|
 
THE CATHOLIC STUDY
CIRCLE FOR ANIMAL WELFARE
From a sermon given by Cardinal John
Henry Newman (1801 – 1890)
You
will observe that our Lord is called a Lamb in the text; that is, He was as defenceless and as innocent as a lamb is. Since then Scripture compares
Him to this inoffensive and unprotected animal; we may without presumption or
irreverence take the image as a means of conveying to our minds those teachings
which our Lord’s sufferings should excite in us. I mean, how horrible it is to
read the account which sometimes meet us of cruelties exercised on animals.
Does it not sometimes make us shudder to hear and tell of them, or to read
them in some chance publication which we take up?

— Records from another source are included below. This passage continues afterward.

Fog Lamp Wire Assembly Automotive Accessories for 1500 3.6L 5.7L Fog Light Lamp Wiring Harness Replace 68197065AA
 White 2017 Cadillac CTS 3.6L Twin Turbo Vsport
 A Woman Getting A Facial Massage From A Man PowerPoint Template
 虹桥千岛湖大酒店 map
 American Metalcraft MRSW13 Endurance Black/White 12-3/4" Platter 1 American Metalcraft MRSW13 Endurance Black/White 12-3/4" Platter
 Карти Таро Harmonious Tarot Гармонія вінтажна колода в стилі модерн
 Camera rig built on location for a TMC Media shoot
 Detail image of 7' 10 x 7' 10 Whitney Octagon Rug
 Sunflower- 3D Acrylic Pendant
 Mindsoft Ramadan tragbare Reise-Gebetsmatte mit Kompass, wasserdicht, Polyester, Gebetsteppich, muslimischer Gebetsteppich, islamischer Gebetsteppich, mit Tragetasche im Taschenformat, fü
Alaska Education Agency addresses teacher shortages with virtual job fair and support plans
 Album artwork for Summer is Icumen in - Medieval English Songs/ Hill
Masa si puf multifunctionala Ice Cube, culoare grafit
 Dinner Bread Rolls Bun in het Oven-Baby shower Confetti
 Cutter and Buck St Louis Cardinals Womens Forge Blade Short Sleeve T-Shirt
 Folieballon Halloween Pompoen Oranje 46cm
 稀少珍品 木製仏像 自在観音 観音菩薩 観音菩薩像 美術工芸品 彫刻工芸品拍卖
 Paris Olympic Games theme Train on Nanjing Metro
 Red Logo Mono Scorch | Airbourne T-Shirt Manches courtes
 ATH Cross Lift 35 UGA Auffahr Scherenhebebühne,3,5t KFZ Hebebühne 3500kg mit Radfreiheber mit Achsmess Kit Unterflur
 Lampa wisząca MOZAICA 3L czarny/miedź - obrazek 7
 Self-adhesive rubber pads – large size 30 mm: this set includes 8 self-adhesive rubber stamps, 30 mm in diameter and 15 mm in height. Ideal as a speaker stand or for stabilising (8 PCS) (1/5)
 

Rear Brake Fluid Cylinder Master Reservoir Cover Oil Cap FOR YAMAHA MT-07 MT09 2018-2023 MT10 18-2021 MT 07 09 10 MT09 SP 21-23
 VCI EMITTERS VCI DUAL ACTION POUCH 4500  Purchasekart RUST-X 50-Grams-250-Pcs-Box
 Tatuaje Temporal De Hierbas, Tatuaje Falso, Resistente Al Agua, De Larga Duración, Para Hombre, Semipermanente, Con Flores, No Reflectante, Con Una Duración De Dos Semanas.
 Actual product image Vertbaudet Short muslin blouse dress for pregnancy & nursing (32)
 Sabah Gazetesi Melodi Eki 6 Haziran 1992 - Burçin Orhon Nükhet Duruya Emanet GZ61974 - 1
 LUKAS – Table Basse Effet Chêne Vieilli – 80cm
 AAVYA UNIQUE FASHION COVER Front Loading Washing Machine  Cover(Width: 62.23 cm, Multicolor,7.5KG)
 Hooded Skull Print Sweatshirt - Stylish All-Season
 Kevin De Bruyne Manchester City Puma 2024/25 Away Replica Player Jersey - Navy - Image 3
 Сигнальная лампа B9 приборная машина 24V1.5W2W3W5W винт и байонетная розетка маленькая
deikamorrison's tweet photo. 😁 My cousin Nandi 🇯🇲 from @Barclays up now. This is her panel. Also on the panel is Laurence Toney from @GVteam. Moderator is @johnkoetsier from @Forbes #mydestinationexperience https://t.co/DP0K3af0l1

At one time it is the wanton
deed of barbarous and angry owners who ill treat their cattle or beasts of
burden; and at another it is the cold blooded and calculating act of men of
Science, who make experiments on animals, perhaps merely from a sort of
curiosity.
I do not like to go into particulars, for many reasons, but one of those
instances which we read as happening in this day and which seems more shocking
than the rest is when the poor dumb victim is fastened against a wall, pierced,
gashed and so left to linger out its life. Now do you not see that I have
reason for saying this, and am not using these distressing cases for
nothing? For what was this but the very cruelty inflicted upon our
Lord? He was gashed with the scourge, pierced through hands and feet and
so fastened to the Cross, and there left, and that as a spectacle. Now
what is it that moves our very hearts and sickens us so much as cruelty shown to
poor animals? I suppose this first, that they have done no harm; next
that they have no power whatsoever of resistance; it is the cowardice and
tyranny of which they are the victims which make their sufferings so especially
touching. For instance, if they were dangerous animals, take the case of
wild animals at large; much as we might dislike to hear of their wounds and
agony, yet our feelings would be of a very different kind.
But there is something so very dreadful, so satanic in tormenting those who
have never harmed us, and who cannot defend themselves, who are utterly in our
power, who have weapons neither of offence nor defence, that none but very
hardened persons can endure the thought of it.